Menyebut ayahnya sebagai salah satu pemain surbarhar terhebat pada masanya, Nishat mengatakan bahwa ayahnya meneruskan negara dan warisan keluarga hingga akhir.

'Dia adalah guru, mentor, guru, dan ayah saya. Dia adalah seorang filsuf yang hebat, seorang penginjil musik. Dia benar-benar membawa warisan musik klasik India ke seluruh dunia hingga akhir hayatnya, 'kata Nishat.

Salah satu kekecewaan terbesar dalam hidupnya adalah tidak diakui atas kontribusi musiknya oleh pemerintah bahkan ketika siswa dan juniornya diberi penghargaan Padma.


Menolak Padma Shri bukanlah masalah kebanggaan diri tetapi 'masalah kesopanan', katanya kepada PTI dalam sebuah wawancara pada Februari tahun lalu.

Tampil bersama para pendukung seperti kakaknya serta Ustad Bismillah Khan, Ustad Amedjan Thirakwa Khan dan Pandit V G Jog, Imrat Khan mengaku tidak mau mengkompromikan warisan tersebut dengan menerima penghargaan tersebut.

'Musik saya telah menjadi panggung utama dalam hidup saya dan saya telah meletakkannya di tempat tertinggi dengan pengabdian seumur hidup pada seninya, menolak segala bentuk kerusakan pada bentuk dan esensinya. Saya tidak berharap saat ini dalam hidup saya bahwa pengabdian dan kontribusi saya berkurang ke tingkat yang lebih rendah daripada pengikut, siswa, dan putra saya - berdasarkan usia atau reputasi, 'katanya kepada PTI.

Dia mengatakan dia tidak pernah berkompromi dalam hidupnya.

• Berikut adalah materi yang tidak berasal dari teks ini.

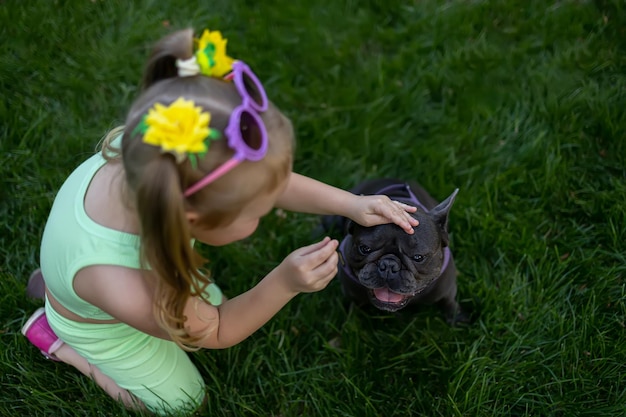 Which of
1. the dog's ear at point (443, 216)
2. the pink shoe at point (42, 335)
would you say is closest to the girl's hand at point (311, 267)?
the dog's ear at point (443, 216)

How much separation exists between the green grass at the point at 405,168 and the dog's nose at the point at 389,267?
0.56 m

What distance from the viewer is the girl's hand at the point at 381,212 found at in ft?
6.85

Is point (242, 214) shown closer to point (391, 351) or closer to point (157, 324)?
point (157, 324)

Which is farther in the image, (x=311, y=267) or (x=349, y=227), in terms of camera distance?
(x=349, y=227)

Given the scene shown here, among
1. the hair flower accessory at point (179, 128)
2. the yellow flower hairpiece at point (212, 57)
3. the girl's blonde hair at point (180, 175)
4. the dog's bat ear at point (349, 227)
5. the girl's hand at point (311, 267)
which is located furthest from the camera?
the dog's bat ear at point (349, 227)

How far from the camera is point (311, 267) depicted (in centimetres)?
181

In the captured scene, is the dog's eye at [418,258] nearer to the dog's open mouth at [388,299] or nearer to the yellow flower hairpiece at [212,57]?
the dog's open mouth at [388,299]

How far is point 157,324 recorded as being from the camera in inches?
72.1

'Mengapa saya harus berkompromi sekarang ketika penghargaan yang diberikan kepada saya ini tidak sejajar dengan reputasi dan kontribusi saya di seluruh dunia atas nama seni dan budaya murni India?'

Nishat mengatakan ayahnya 'patah hati' ketika namanya diumumkan sebagai pemenang Padma Shri.

'Dia sangat kecewa karena penghargaan itu diberikan kepadanya bahkan ketika junior saya dianugerahi Padma Shri. Dia sangat sedih dan patah hati karenanya.

'Anyay (ketidakadilan) bahwa pemerintah tidak dapat melihat kontribusinya pada musik klasik India,' kata Nishat.